1. DAG

DAG is drifting in the lower half of June's range and showing imprecise price action with many wicks. This behavior makes specific support and resistance levels serve as guidelines rather than exact targets.

The price is testing possible support near $0.03011, near the midpoint of June's monthly wick. The daily chart also shows a gap and accumulation near this level, under a now-swept daily swing low from June 20th. 

This level could support a bounce, but traders may want to wait and see how strong this level is in the face of traders selling Monday's news.

If the price drops deeper, bulls might aim to protect their stops under many relatively equal lows around $0.02712. The midpoint of May 29th's weekly wick and daily accumulation near $0.02891 could act as support. Still, bulls should be cautious near this level.

Price is repeatedly testing resistance near $0.03294, where distribution took place on the daily chart.
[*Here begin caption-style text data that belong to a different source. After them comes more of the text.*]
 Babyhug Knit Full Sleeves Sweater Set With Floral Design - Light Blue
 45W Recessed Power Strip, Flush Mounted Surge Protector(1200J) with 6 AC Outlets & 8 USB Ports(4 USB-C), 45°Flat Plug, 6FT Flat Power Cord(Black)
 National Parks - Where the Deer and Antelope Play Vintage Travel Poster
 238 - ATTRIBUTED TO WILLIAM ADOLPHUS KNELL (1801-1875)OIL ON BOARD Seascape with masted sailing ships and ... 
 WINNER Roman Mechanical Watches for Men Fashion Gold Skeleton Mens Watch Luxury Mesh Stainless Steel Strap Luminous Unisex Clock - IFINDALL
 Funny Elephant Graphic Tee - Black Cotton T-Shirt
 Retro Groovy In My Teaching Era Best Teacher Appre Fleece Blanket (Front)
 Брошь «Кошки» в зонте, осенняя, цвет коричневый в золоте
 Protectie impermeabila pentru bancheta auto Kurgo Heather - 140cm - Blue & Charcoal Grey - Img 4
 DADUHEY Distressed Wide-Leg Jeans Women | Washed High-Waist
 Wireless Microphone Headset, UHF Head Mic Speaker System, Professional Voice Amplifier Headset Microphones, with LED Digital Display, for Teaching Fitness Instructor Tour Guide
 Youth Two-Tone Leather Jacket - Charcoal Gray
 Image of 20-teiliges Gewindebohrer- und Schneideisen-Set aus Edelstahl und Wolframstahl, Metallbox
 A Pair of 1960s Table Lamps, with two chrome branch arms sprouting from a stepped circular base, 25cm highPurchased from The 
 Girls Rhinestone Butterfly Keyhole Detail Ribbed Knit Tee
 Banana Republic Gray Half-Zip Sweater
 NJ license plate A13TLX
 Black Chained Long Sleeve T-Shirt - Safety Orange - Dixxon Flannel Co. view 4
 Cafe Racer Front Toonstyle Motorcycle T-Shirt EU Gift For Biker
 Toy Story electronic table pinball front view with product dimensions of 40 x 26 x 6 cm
This level has confluence with the 9 and 18 EMAs.

A break through this level may sweep bears' stops above the $0.03362 daily swing high and reach up to $0.03505, near the July monthly open. Bears rejected bulls near this level on the monthly chart in June. It's also near the midpoint of distribution during the week of June 19th, the center of July 4th's long upper wick, and June 27th's daily distribution.

  1. KAVA

KAVA is consolidating in a tight range near the middle of a more extensive range ahead of Wednesday's news release. This news could unleash volatility that breaks out in either direction, with price action showing no strong hints as to whether bears or bulls will take control.

The price is consolidating on support near $0.941, where accumulation occurred on the daily chart on June 22nd. Bears rejected bulls near this level on the monthly chart during January.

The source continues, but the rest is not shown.